Su rendimiento en los primeros dos años del colegio fue tan bueno que en el tercero adelantó un año al rendir todas las materias como alumno libre. Entre diciembre de 1926 y marzo del año siguiente aprobó las nueve asignaturas correspondientes. En paralelo, tomó durante tres años cursos de inglés en la escuela de Lenguas Vivas.

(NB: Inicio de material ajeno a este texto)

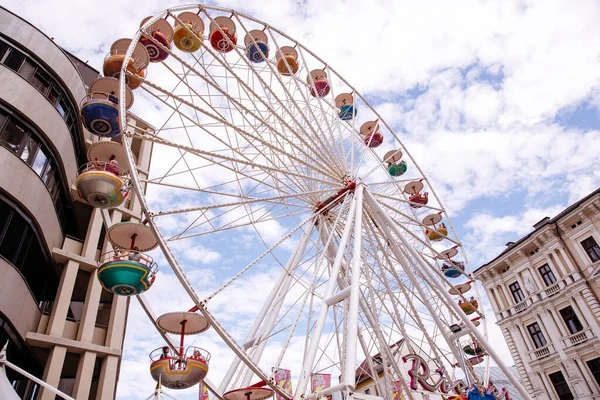 Avusturya 'nın Villach kenti - 30 Temmuz 2025: Vibrant dönme dolap Avusturya' daki Villacher Kirchtag festivalinde renkli gondollar ve fotokopi alanı ile çarpıcı bir gökyüzü arkaplanı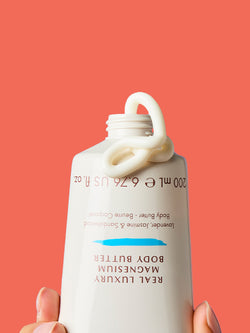 NEOM Real Luxury magnesium body butter cream squeezed from tube showing rich texture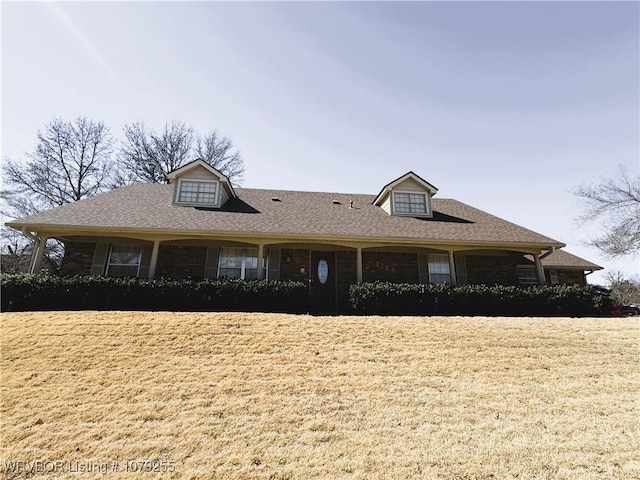 view of front of house featuring brick siding and a shingled roof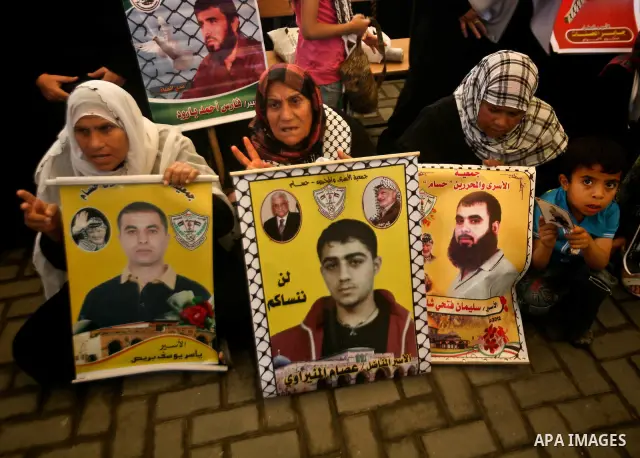 Relatives of Palestinian prisoners participate a protest at the Red Cross' offices in Gaza City to call for the release of Palestinian prisoners held in Israeli jails, on May. 28, 2012. Photo by Ali Jadallah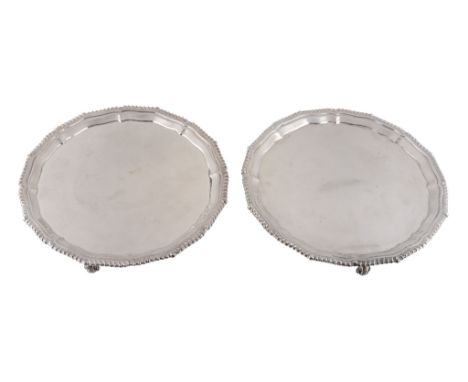  A pair of silver salvers by C. J. Vander,   Sheffield 1993, with shaped and gadrooned borders and on three scroll feet,  21c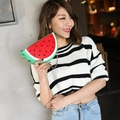 Watermelon slice crossbody bag with gold chain strap worn by a female model - Watermelon red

A medida que fue creciendo, sus intereses comenzaron a mutar. Se hizo habitué de las estudiantinas que se organizaban en el Bosque y de las funciones del Cine América. Una de las cosas que lo encandilaron por entonces fue el ajedrez. Leía libros sobre estrategia para afrontar las partidas y jugaba a toda hora; hasta llegó a coronarse campeón en un torneo organizado en el colegio. En esa época tuvo un mayor acercamiento a Martínez Estrada, a quien no había tenido como profesor pero lo unía la afición por ese deporte. En 1927, cuando se llevó a cabo en Buenos Aires el Mundial de Ajedrez, quiso conocer personalmente a quienes en ese momento eran los máximos exponentes de la actividad: el campeón cubano José Raúl Capablanca y el retador ruso Alexander Alekhine, que a la postre se consagró ganador. A lo largo de su obra pueden hallarse referencias al ajedrez. En Sobre héroes y tumbas, el capítulo titulado “Un Dios desconocido” aúna hechos políticos de sus años de estudiante universitario con historias de anarquistas ajedrecistas. Uno de esos personajes, llamado Max, está inspirado en el astrónomo de origen belga Miguel Itzigsohn, destacado ajedrecista y uno de sus mejores amigos de aquellos años, con quien compartió la pensión y la militancia mientras ambos cursaban la carrera de Física. Permeable a los drásticos cambios de timón, sin embargo, Ernesto abandonó el ajedrez de un día para otro, alegando que era “una enorme estupidez” y llegando a considerarlo, incluso, pernicioso porque “despierta vanidad y rencores”.16.

En aquella época, la impronta de la Reforma Universitaria lo impregnaba todo. Por entonces, Juan –constante referencia para Ernesto– estaba inmerso en los grupos que bregaban desde la FULP por la aplicación efectiva de los cambios propuestos en Córdoba en 1918. No era inusual que, en su compañía, Ernesto asistiera a reuniones en las que estaban los principales activistas de la universidad. Así fue empezando a interesarse por la política y poco a poco asumió una actitud de fuerte compromiso social.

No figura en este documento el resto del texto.